We want to make sure that we can connect our field data, operating data and tool data and then test data in one place and use that to drive the condition-based maintenance, because you need to understand the condition, right? It requires data.
— Reliability Engineer, Oil & Gas space
 
 

Next steps

  1. The next step was to bridge the gap between what the product promised and what customers actually valued. Customers weren’t just looking for new features; they wanted proof of real business outcomes: saving money, saving time, and simplifying the way they managed their workforce.

  2. I focused on reframing our messaging and design opportunities around efficiency. Rather than positioning CBM as another tool to learn, we needed to show how it could reduce their workload, not add to it. This meant prioritizing clear value communication, highlighting cost savings and faster time to value in ways that felt tangible to them.

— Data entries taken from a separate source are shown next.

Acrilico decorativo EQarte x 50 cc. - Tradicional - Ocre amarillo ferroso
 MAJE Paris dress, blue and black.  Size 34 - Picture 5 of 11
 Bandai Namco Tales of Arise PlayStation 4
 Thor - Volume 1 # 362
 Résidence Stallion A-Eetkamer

  3. At the same time, I kept in mind the realities of their context; smaller teams stretched thin, with years of institutional knowledge walking out the door as senior workers retired. Designing for adoption meant designing for relief: making the product intuitive, easy to use, and a true partner in managing limited resources.

  4. By connecting these insights back to business value and customer reality, the next phase of research and design centred on building trust: testing clearer value propositions, simplifying onboarding, and validating that CBM could actually feel like less work, not more.

 

Business impact

  1. By aligning CBM with customer realities, the business could drive stronger adoption and retention. Demonstrating cost savings and faster ROI helps position the product as a strategic investment rather than an added expense.

  2. Simplifying workflows reduces resistance among understaffed teams, increasing willingness to adopt new tools. By supporting knowledge transfer as senior workers retire, the product becomes essential for long-term workforce resilience.

    In short, the impact is twofold: increased customer trust and adoption on the user side, and greater market differentiation and revenue potential on the business side.